=== INPUT MATERIAL ===

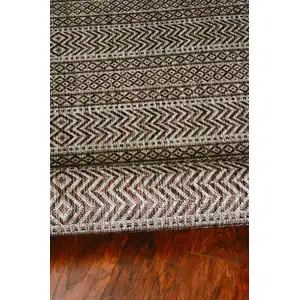 Photo of Mocha Machine Woven UV Treated Tribal Indoor Outdoor Area Rug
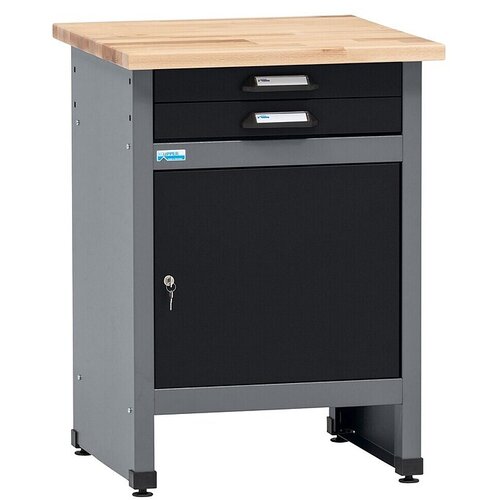 KÜPPER Delovni pult (Do x &Scaron;: 60 x 60 cm, Delovna vi&scaron;ina: 84 cm, Nosilnost: 300 kg, &Scaron;tevilo predalov: 2 kos) Cene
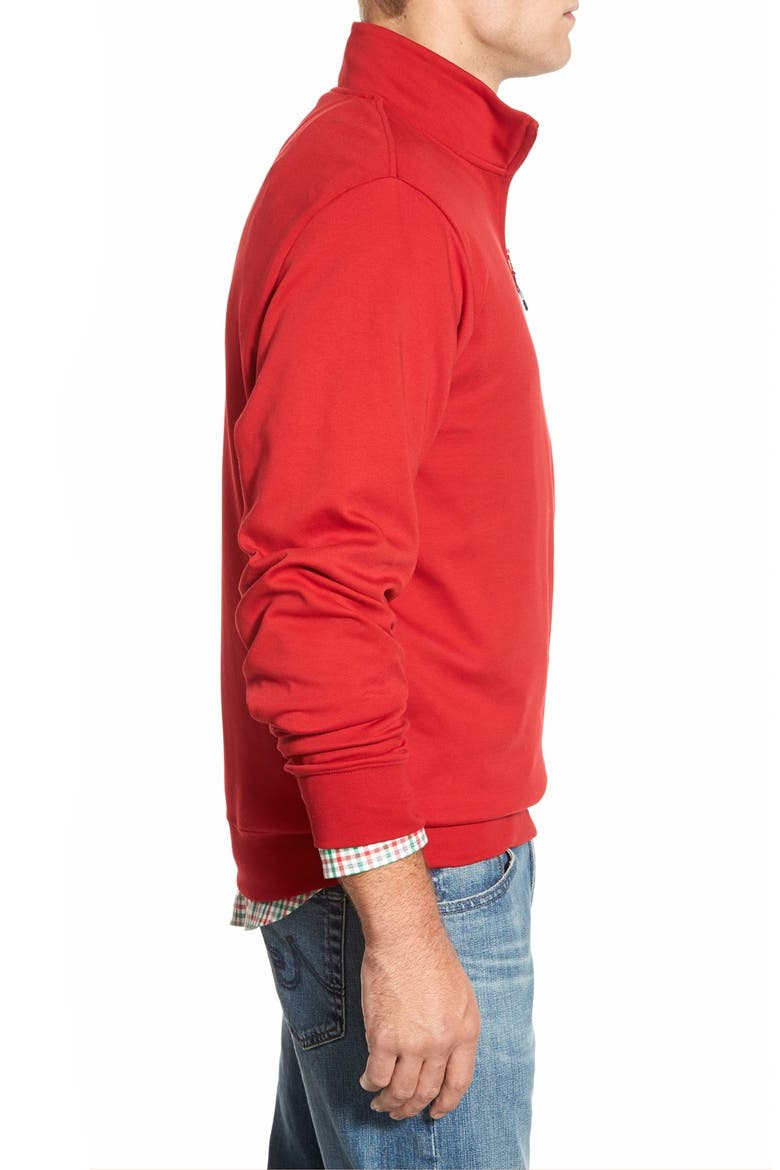 Quarter Zip Cotton Jersey Sweatshirt, Alternate, color, MEDIUM HEATHER GREY
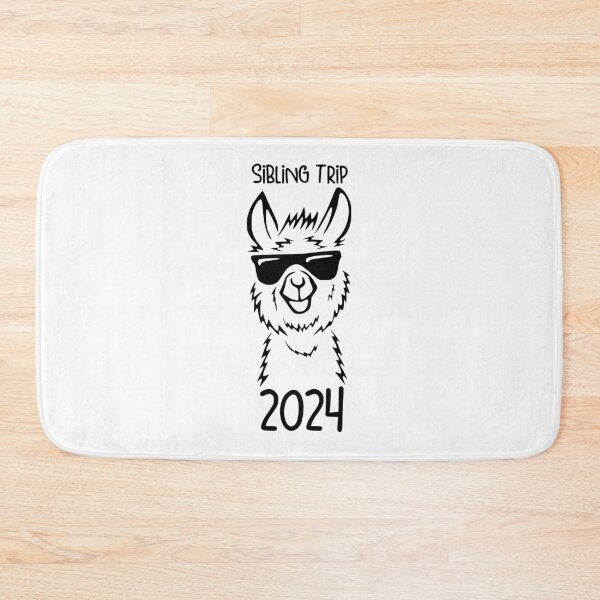 Item preview, Trendy Sibling Trip 2024 Llama with Sunglasses , Cool Alpaca designed and sold by pugshowsfashion.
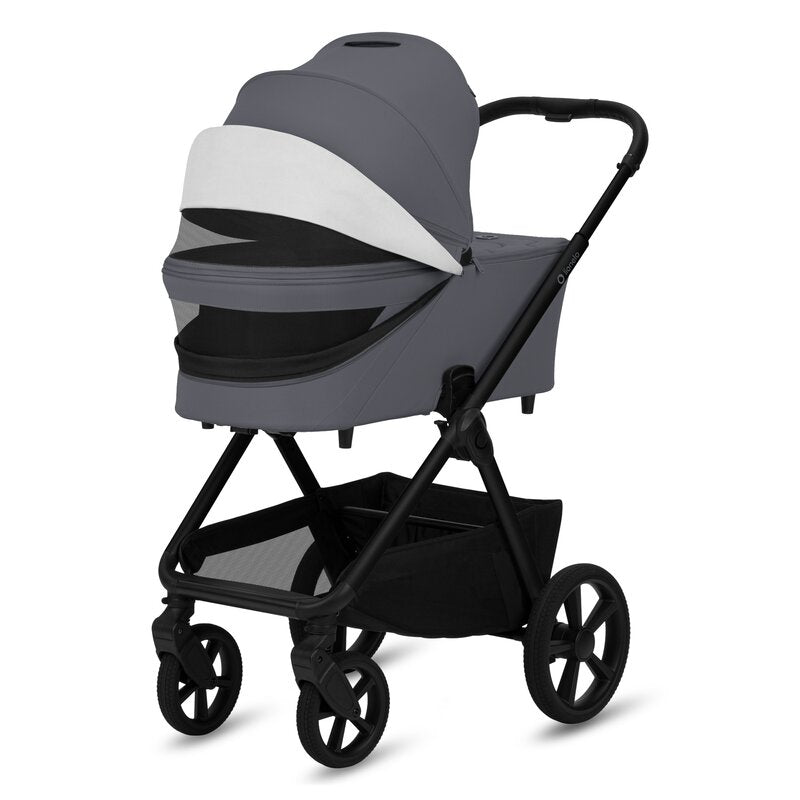 Carucior 3 in 1, Lionelo, Carmine, Cu scoica ADAC, Landou anti-reflux, Salteluta ventilata, Reglare spatar in 3 pozitii, Suport de picioare in 3 pozitii, Maner reglabil in 5 pozitii, Sustine 22 kg, Cu accesorii, 0 luni+, Gri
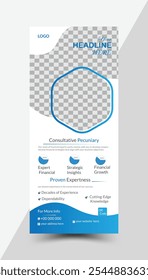 Design de banner de rollup de negócios corporativos 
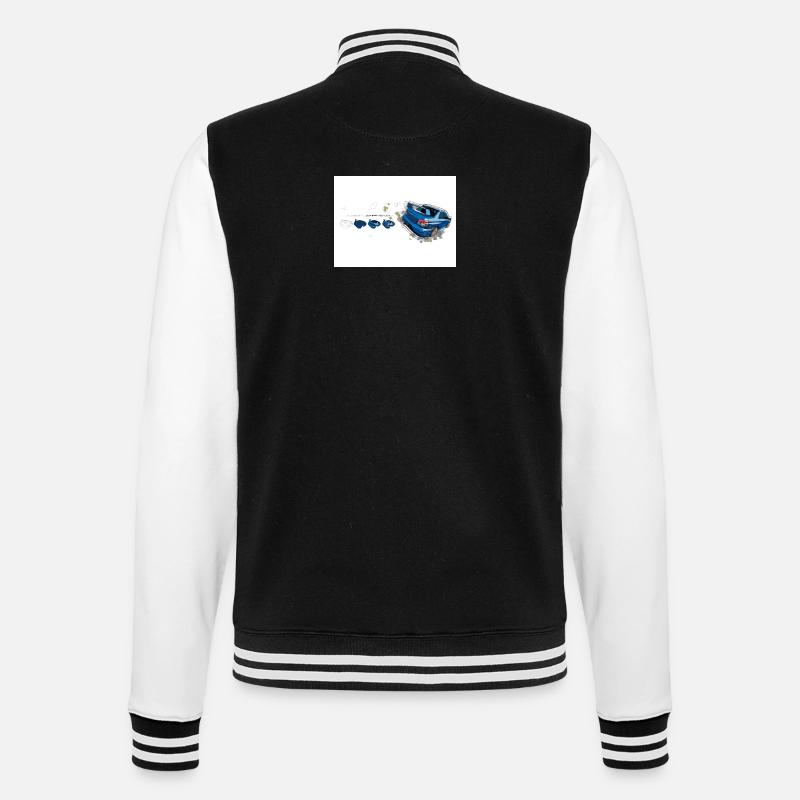 Sub Design - Veste Teddy - noir/blanc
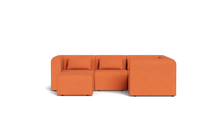 Load image into Gallery viewer, Atmosphere Sleeper Sofa & Sectional - Rounded Backrest - Tangerine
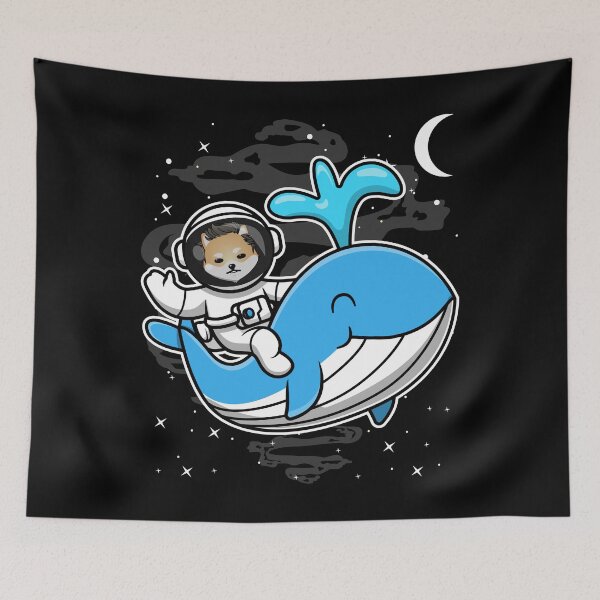 Item preview, Astronaut Whale Dogelon Mars ELON Coin To The Moon Crypto Token Cryptocurrency Blockchain Wallet HODL designed and sold by AdamRoberts90.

===

• **REQUIRED ACTION**: For this exercise, write out exactly the lines from the one with "Quarter Zip Cotton" through the last line of the records, inclusive, and leave each picture out.

• **TASK RESULT**:
 Quarter Zip Cotton Jersey Sweatshirt, Alternate, color, MEDIUM HEATHER GREY
 Item preview, Trendy Sibling Trip 2024 Llama with Sunglasses , Cool Alpaca designed and sold by pugshowsfashion.
 Carucior 3 in 1, Lionelo, Carmine, Cu scoica ADAC, Landou anti-reflux, Salteluta ventilata, Reglare spatar in 3 pozitii, Suport de picioare in 3 pozitii, Maner reglabil in 5 pozitii, Sustine 22 kg, Cu accesorii, 0 luni+, Gri
 Design de banner de rollup de negócios corporativos 
 Sub Design - Veste Teddy - noir/blanc
 Load image into Gallery viewer, Atmosphere Sleeper Sofa & Sectional - Rounded Backrest - Tangerine
 Item preview, Astronaut Whale Dogelon Mars ELON Coin To The Moon Crypto Token Cryptocurrency Blockchain Wallet HODL designed and sold by AdamRoberts90.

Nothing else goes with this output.